- **DATA SHOWN**
═══

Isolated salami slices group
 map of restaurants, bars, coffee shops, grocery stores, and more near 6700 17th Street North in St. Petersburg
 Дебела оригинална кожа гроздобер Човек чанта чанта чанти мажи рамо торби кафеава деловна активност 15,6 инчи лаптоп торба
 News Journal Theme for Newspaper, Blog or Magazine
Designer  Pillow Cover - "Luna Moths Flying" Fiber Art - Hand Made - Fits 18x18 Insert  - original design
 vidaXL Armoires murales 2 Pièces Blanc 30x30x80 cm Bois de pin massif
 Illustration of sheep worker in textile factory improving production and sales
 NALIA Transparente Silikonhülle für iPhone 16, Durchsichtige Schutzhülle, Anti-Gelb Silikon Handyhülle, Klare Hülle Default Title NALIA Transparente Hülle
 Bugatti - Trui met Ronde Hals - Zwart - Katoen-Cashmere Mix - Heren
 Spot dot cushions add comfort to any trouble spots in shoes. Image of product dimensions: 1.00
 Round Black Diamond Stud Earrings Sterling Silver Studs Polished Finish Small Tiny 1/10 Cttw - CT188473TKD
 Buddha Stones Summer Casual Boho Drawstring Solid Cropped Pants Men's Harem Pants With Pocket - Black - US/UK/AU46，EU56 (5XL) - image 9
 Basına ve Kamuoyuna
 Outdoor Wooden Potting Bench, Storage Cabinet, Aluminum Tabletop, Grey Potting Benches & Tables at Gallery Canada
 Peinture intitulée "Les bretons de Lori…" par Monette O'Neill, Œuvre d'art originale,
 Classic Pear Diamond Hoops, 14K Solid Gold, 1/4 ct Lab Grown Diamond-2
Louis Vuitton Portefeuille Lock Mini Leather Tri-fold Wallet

═══

- **INSTRUCTIONS FOR THE TASK**
Start copying at the line that contains "NALIA Transparente Silikonhülle" and stop after the last line of the records, keeping every line exactly.

- **TASK OUTPUT**
 NALIA Transparente Silikonhülle für iPhone 16, Durchsichtige Schutzhülle, Anti-Gelb Silikon Handyhülle, Klare Hülle Default Title NALIA Transparente Hülle
 Bugatti - Trui met Ronde Hals - Zwart - Katoen-Cashmere Mix - Heren
 Spot dot cushions add comfort to any trouble spots in shoes. Image of product dimensions: 1.00
 Round Black Diamond Stud Earrings Sterling Silver Studs Polished Finish Small Tiny 1/10 Cttw - CT188473TKD
 Buddha Stones Summer Casual Boho Drawstring Solid Cropped Pants Men's Harem Pants With Pocket - Black - US/UK/AU46，EU56 (5XL) - image 9
 Basına ve Kamuoyuna
 Outdoor Wooden Potting Bench, Storage Cabinet, Aluminum Tabletop, Grey Potting Benches & Tables at Gallery Canada
 Peinture intitulée "Les bretons de Lori…" par Monette O'Neill, Œuvre d'art originale,
 Classic Pear Diamond Hoops, 14K Solid Gold, 1/4 ct Lab Grown Diamond-2
Louis Vuitton Portefeuille Lock Mini Leather Tri-fold Wallet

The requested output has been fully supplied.